Library information provider OCLC, US, has named Michael Panzer, formerly Assistant Editor, as the 10th Editor-in-Chief of the Dewey Decimal Classification (DDC) system. Panzer is the first DDC Editor-in-Chief from outside the US. He replaces Joan S. Mitchell, who has retired after serving with distinction in the position since 1993.
Panzer joined OCLC in May 2007 as Global Product Manager of Taxonomy Services, and was appointed Assistant Editor of the DDC in March 2009. From 2002 to 2005, he headed the technical team that translated Dewey into German. He was the first member of a Dewey translation team to be appointed Assistant Editor.
Panzer served on the W3C Library Linked Data Incubator Group, and is currently a member of the W3C Provenance Working Group.
Prior to joining OCLC, he worked at Cologne University of Applied Sciences, where he was team leader of CrissCross, a research project funded by the German Research Foundation focused on mapping SWD, DDC, RAMEAU, and LCSH. He has an MA from Heinrich Heine University (Düsseldorf) in German Literature with a minor in Information Science. He also attended the University of California, Davis, on a four-month research scholarship.
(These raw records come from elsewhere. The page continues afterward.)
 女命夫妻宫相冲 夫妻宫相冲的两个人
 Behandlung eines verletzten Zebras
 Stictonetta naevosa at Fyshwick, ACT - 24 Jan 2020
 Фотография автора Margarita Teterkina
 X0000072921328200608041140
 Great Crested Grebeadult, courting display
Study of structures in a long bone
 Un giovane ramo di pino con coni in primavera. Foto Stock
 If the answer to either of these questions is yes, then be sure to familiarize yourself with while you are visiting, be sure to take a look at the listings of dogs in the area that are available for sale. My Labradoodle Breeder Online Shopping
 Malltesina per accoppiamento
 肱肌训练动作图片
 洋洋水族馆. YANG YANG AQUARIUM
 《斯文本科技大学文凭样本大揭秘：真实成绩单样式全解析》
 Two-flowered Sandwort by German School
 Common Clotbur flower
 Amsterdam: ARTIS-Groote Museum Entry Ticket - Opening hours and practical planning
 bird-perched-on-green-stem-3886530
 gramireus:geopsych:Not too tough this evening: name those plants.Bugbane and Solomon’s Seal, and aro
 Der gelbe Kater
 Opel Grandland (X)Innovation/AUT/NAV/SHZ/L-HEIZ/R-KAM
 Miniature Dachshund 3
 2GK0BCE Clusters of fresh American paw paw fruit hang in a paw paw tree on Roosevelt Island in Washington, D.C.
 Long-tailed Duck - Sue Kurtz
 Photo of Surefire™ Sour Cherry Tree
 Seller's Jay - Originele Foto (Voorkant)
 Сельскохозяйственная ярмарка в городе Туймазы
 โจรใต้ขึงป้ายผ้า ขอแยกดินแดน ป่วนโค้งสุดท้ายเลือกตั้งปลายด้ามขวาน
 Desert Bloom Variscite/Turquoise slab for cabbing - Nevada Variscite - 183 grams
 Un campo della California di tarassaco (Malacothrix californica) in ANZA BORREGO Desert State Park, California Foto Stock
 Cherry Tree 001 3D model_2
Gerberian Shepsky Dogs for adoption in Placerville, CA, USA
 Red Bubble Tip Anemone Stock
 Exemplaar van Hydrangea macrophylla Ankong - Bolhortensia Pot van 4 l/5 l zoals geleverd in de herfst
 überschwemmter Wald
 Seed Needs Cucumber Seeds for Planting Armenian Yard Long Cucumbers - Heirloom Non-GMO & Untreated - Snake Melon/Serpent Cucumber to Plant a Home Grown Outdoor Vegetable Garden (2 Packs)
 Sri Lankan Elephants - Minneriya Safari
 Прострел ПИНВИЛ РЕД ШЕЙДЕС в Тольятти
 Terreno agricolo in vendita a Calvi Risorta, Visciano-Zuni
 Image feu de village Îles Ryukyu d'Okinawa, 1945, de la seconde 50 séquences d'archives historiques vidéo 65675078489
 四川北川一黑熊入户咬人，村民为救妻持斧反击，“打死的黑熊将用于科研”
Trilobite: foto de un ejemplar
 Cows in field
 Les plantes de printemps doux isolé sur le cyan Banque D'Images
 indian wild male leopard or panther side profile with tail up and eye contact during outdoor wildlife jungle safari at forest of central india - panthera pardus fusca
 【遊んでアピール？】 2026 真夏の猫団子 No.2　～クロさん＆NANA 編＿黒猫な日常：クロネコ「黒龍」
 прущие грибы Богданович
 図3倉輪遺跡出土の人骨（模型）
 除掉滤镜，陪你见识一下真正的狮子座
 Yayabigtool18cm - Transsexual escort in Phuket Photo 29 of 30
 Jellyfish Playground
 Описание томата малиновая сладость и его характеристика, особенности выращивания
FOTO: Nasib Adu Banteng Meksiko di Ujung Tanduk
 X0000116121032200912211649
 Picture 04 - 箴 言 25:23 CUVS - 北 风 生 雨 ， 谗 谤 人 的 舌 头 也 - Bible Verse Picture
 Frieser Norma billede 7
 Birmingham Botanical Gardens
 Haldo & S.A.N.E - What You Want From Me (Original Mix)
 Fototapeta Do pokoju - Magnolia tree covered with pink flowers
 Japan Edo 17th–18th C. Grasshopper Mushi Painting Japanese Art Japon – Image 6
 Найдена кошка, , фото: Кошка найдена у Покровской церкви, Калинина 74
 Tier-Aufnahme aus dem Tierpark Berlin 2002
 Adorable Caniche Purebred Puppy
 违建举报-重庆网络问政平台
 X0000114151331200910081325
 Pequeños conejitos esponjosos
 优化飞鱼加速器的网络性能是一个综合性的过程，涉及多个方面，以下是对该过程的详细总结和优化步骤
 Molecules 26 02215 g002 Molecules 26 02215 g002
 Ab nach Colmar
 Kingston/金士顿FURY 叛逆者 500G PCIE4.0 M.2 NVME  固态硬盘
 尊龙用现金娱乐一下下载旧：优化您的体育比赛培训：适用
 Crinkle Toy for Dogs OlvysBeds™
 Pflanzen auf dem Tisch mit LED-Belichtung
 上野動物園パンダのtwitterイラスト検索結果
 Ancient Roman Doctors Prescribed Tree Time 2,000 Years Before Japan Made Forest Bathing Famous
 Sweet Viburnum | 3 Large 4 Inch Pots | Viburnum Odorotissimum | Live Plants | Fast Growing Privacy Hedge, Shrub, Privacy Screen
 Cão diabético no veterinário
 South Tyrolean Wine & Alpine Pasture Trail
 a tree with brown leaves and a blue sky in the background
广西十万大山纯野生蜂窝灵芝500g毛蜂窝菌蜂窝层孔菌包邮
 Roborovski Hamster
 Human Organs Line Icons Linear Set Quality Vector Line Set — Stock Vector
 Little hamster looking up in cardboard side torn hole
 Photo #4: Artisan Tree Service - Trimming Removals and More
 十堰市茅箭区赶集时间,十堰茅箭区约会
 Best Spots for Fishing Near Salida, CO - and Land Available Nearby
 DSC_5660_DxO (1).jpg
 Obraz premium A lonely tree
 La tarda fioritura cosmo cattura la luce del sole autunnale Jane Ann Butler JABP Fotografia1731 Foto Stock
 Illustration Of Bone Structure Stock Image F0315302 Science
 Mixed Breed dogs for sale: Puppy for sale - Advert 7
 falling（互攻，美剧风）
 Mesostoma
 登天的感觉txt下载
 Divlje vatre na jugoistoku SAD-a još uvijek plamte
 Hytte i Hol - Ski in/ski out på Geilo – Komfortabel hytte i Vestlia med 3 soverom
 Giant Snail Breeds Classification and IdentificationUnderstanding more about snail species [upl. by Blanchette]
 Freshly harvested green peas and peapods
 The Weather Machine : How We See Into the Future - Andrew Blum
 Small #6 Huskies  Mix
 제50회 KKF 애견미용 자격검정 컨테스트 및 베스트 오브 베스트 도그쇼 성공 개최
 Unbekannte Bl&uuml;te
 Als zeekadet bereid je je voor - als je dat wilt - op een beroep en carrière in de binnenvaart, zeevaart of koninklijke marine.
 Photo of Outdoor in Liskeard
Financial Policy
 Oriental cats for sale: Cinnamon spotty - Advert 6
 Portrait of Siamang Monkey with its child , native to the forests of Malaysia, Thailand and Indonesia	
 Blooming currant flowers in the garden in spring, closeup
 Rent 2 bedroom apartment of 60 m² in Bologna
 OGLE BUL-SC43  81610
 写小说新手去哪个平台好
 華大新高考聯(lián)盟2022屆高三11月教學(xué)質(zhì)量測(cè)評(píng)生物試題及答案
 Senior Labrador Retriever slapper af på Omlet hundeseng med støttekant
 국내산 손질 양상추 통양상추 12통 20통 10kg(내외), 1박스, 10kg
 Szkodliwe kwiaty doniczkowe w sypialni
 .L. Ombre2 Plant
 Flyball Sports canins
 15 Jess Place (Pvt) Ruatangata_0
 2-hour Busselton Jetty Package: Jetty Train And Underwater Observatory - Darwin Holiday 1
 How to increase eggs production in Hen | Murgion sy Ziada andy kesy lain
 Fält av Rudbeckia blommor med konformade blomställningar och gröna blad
In 1876, Melvil Dewey first published his innovative classification system. He established Forest Press in 1911 to edit, publish and distribute the classification. Since then, the Dewey Decimal Classification system has been continuously revised to keep pace with the ever-expanding realm of human knowledge. Today it claims to be the world's most widely used library classification system with more than 200,000 libraries using the system worldwide.